When you reach the line that contains "Fototapeta premium Smiling", give it back exactly along with each line after it to the end of the entries; skip any pictures.

**Input**

○ ○ ○ ○

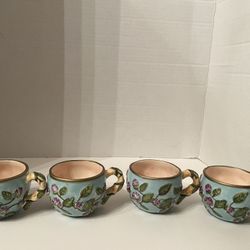 silvestri bunny in the garden teacup and saucer set of four by elaine voghelle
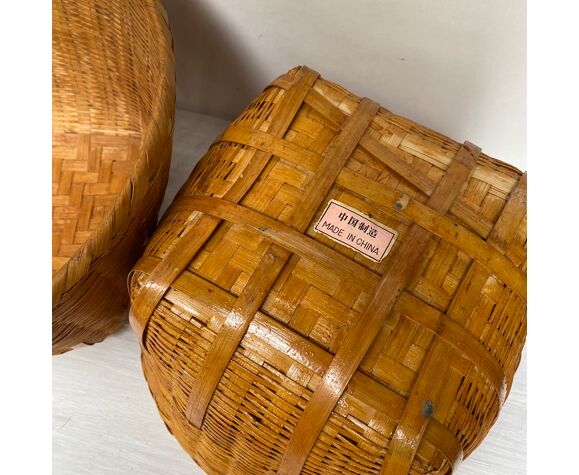 Caches pots en bambou tressé  vintage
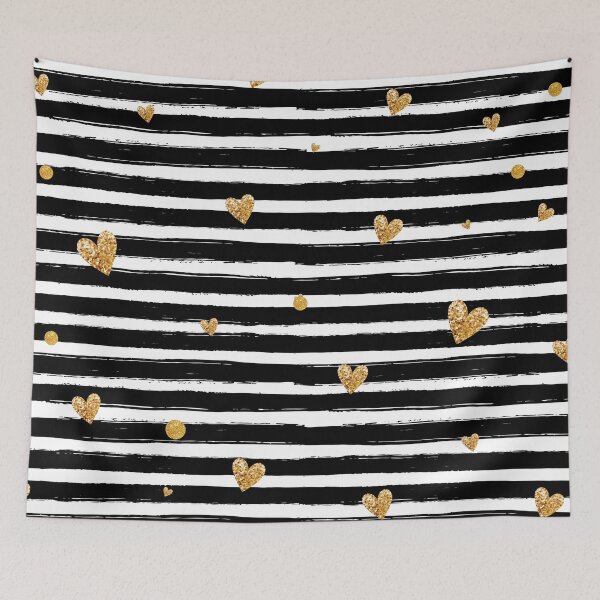 Item preview, Gold Glittering Hearts On Black Horizontal Stripe designed and sold by risingrocket.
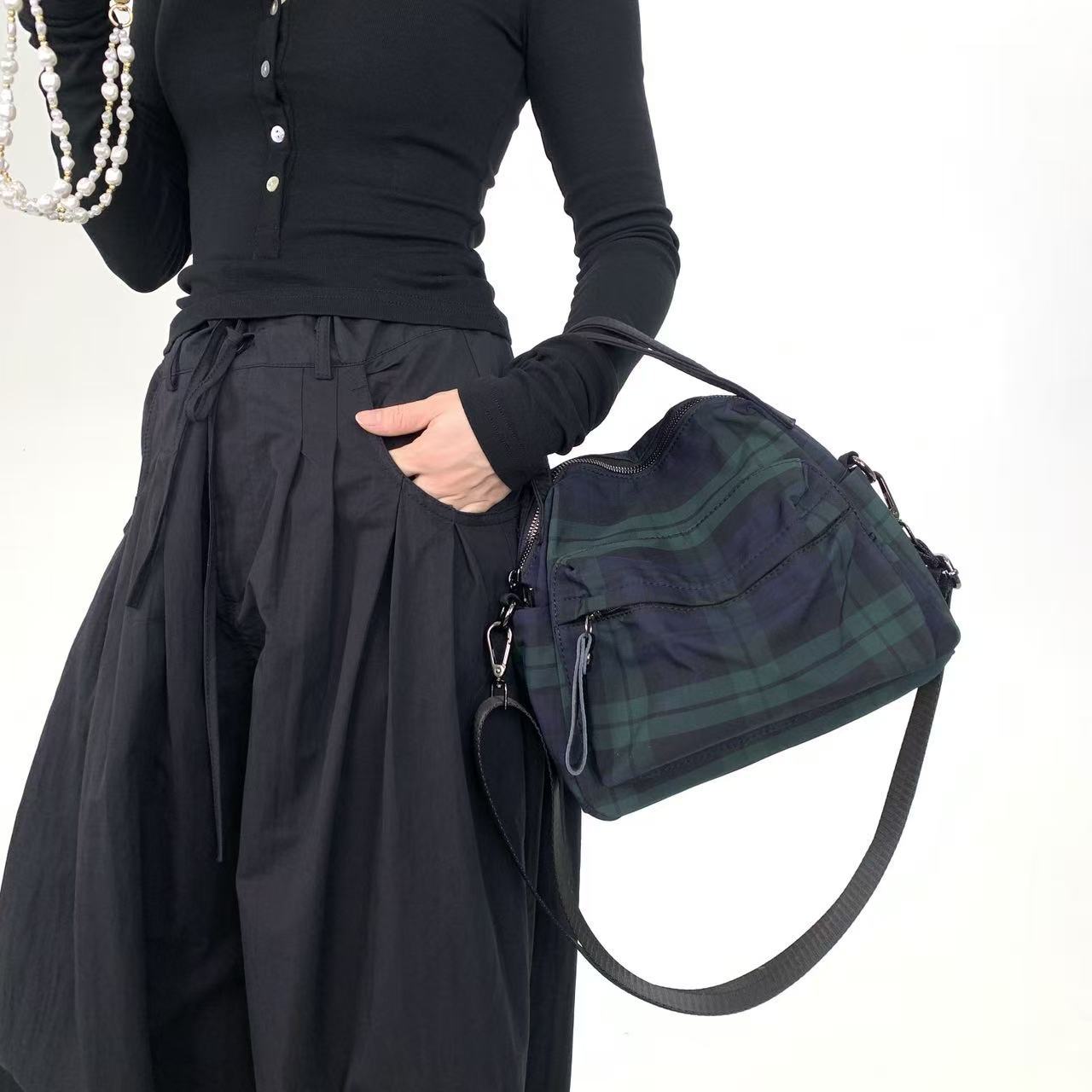 Женская клетчатая сумка через плечо с швами, много карманов, ретро, пэчворк зелёный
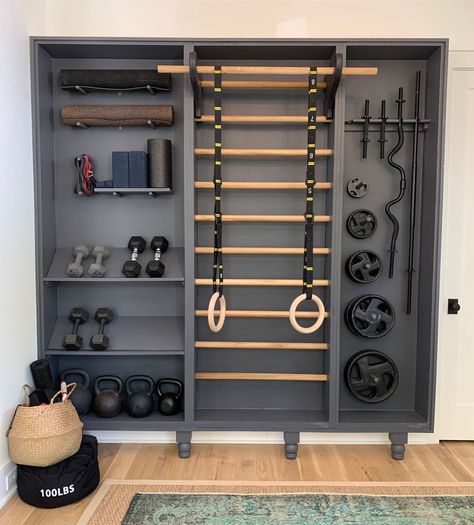 How We Built This: Our Home Gym Gym Painting, Ruang Gym, Workout Room Home, Diy Home Gym, Basement Gym, Gym Room At Home, Gym At Home, Home Gym Decor, Seni Dan Kraf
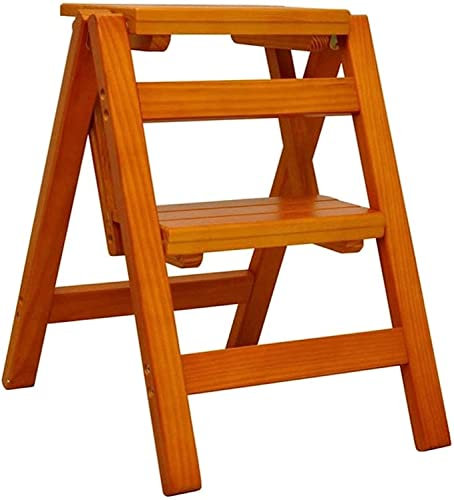 Sgabello a gradino portatile Sgabello semplice per famiglie - Sedie in legno per adulti per uso domestico Scala multifunzionale in legno massello Scaletta pieghevole a due gradini Piccola scala porta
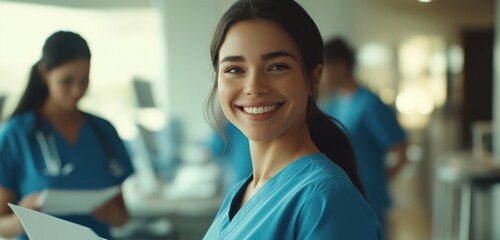 Fototapeta premium Smiling hispanic female young nurse in blue scrubs at busy hospital corridor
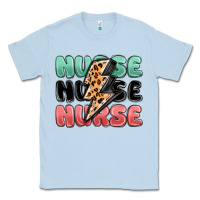 Dusty Blue nurse leopard lightning bolt Classic Tee - MaliasSmallBusiness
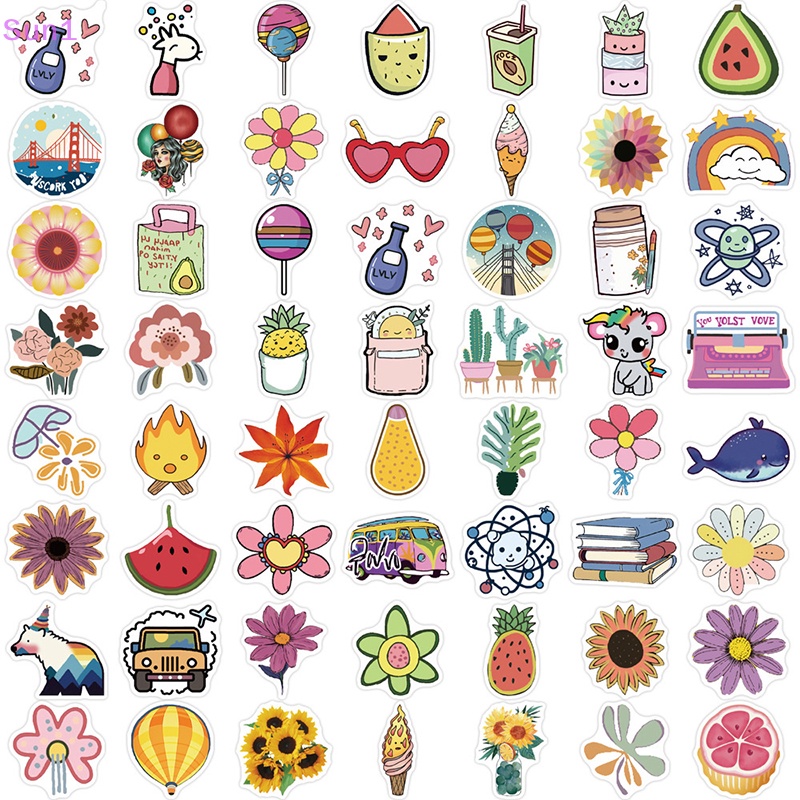 Bộ 57 Miếng Dán Hoạt Hình Vui Nhộn Phong Cách Âu Mỹ Trang Trí Sổ Tay DIY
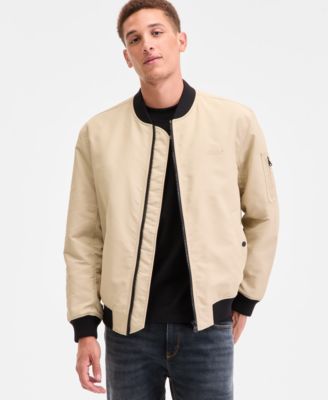Men's Baken2435 Slim-Fit Satin Bomber Jacket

○ ○ ○ ○

**Response to this task**
 Fototapeta premium Smiling hispanic female young nurse in blue scrubs at busy hospital corridor
 Dusty Blue nurse leopard lightning bolt Classic Tee - MaliasSmallBusiness
 Bộ 57 Miếng Dán Hoạt Hình Vui Nhộn Phong Cách Âu Mỹ Trang Trí Sổ Tay DIY
Men's Baken2435 Slim-Fit Satin Bomber Jacket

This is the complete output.